POSTCARDS: A DANCER, Marie-Christine Giordano, GOES TO SCHOOL
To Lead Young Students from Sunset Park, Brooklyn in After-School Movement Classes
*Michael Goodman is a news editor at IBTimes. He is also freelance journalist who writes about the performing arts, including dance, theater, film and the visual arts.
Outside P.S. 24, a K-5 elementary school in Sunset Park, Brooklyn, a series of murals painted on concrete blocks alternate with bar fencing. One of the murals depicts a Latin American farmer who towers over the surrounding mountains and his fields, and as he leans forward across rows of crops, he bears in his hands the fruits of his labor. To the sides in the forefront are tall stalks of growing corn, the topmost ears bursting their husks to reveal kernels turned golden in the warmth of the radiating sun.
Inside, in the late afternoon, there is cultivation of another sort—of young bodies and minds. Children form two lines on one side of an auditorium stage, supervised by adult counselors. At the other end, a blonde woman dressed in lavender warm-ups calls out instructions. Two by two, the children advance across the stage to the voice of Argentine singer Mercedes Sosa, intently executing pirouettes as they go. Each alternately raises and lowers an arm at high and low angles on every rotation, slicing through the air like a sharp blade.
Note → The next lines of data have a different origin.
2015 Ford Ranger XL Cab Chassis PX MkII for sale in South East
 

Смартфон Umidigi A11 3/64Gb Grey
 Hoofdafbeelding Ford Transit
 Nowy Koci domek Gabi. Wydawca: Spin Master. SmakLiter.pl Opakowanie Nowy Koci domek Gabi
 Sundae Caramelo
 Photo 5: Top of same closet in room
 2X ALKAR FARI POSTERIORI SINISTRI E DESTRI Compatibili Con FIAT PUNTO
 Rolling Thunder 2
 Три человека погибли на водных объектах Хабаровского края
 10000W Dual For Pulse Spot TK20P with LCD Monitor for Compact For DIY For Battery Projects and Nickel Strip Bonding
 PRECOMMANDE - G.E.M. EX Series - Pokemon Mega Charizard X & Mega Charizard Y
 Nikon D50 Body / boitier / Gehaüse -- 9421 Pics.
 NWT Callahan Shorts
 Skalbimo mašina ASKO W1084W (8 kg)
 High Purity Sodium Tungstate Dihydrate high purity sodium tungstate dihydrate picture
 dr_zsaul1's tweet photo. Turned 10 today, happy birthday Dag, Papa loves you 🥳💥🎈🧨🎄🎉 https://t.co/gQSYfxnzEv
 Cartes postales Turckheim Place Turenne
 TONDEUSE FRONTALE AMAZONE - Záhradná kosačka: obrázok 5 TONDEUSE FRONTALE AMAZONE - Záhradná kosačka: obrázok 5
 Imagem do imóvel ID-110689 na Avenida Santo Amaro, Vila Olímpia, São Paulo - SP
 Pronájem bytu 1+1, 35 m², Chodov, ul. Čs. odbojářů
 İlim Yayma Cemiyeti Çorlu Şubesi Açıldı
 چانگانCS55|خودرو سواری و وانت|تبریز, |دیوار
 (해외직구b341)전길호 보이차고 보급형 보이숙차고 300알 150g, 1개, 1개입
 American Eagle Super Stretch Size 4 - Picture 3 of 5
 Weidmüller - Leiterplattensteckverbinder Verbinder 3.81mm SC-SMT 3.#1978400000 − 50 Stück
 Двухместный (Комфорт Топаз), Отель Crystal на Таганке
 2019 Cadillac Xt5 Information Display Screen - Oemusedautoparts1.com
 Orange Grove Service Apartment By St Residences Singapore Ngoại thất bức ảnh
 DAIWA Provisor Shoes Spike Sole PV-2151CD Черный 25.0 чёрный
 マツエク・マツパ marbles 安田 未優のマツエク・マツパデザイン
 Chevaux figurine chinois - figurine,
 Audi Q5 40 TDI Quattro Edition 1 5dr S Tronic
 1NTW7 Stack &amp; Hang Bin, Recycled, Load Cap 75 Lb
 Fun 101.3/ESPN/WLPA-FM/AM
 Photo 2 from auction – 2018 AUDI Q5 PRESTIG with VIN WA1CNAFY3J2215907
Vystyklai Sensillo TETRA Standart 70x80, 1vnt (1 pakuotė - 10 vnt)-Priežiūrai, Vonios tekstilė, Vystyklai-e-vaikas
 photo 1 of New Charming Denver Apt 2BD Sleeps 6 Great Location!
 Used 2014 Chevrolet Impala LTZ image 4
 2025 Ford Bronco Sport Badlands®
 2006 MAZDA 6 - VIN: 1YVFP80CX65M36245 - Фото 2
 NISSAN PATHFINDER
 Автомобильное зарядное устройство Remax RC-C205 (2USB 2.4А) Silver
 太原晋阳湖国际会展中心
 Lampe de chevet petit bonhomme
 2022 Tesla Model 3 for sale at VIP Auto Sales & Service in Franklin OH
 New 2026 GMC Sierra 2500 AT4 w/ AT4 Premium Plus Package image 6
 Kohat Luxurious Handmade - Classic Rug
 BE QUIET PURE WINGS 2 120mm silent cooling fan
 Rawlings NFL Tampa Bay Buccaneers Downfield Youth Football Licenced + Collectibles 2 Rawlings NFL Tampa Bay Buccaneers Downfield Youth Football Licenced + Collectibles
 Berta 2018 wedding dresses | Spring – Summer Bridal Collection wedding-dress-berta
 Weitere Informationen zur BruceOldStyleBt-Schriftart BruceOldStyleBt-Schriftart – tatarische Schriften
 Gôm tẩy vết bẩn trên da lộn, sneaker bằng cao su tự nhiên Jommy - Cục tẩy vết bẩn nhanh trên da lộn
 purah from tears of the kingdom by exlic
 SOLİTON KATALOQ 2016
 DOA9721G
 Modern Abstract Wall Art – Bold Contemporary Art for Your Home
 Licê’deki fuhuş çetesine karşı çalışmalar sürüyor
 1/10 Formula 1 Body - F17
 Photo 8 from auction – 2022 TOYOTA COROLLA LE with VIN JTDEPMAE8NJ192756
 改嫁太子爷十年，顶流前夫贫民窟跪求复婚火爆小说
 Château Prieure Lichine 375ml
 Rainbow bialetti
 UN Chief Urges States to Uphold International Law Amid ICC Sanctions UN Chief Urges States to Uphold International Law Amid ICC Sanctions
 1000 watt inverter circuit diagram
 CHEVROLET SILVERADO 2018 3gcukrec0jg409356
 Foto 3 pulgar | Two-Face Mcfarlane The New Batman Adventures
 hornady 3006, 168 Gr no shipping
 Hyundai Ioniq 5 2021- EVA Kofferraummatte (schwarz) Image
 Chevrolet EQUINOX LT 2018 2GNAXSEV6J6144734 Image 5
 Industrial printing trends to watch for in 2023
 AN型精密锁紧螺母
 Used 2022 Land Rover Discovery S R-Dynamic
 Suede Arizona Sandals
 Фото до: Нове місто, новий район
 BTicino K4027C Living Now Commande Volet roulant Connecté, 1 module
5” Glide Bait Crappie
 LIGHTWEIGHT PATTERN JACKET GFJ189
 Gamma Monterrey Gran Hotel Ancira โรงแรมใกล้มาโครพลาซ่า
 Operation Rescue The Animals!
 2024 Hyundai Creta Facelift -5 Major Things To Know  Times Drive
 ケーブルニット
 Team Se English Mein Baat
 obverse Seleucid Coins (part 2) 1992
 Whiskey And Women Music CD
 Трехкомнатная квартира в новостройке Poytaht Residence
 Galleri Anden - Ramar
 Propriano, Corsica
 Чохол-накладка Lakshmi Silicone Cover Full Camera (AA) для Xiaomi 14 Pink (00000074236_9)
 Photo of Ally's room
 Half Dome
The instructor, Marie-Christine Giordano, greets each pair with praise as they conclude their procession. She is a Swiss dancer and the director and choreographer of an eponymous modern dance company, Marie-Christine Giordano Dance. A veteran of the New York dance scene, she founded MCGD at the onset of the new millennium. The troupe is based only blocks away from P.S. 24 in Greenwood Heights.
In 2006, Giordano decided her company would offer scholarships to neighborhood children in her studio. “I had been a Brooklyn resident for a number of years by then,” she says, and I wanted to connect with others who live here in a meaningful way.” But she came to the conclusion that, from the standpoint of logistics, it would make more sense to teach in local schools.She approached several of them, inquiring whether they had interest in movement classes conducted by a professional dancer.
P.S. 24 responded favorably to Giordano’s overtures. Already in place was the PAZ (Peace from A-Z) After-School Program, which dates to 1999, one of three such programs in New York City schools operated by the Morningside Center for Teaching Social Responsibility. PAZ is funded by The After-School Program, or TASC, and the New York City Department of Youth and Community Development. In a school of 700, which is 91 percent Hispanic and offers dual-language instruction in Spanish and English, PAZ serves some 180 students in the hours after dismissal, from 2:30 p.m. to 5:30 p.m.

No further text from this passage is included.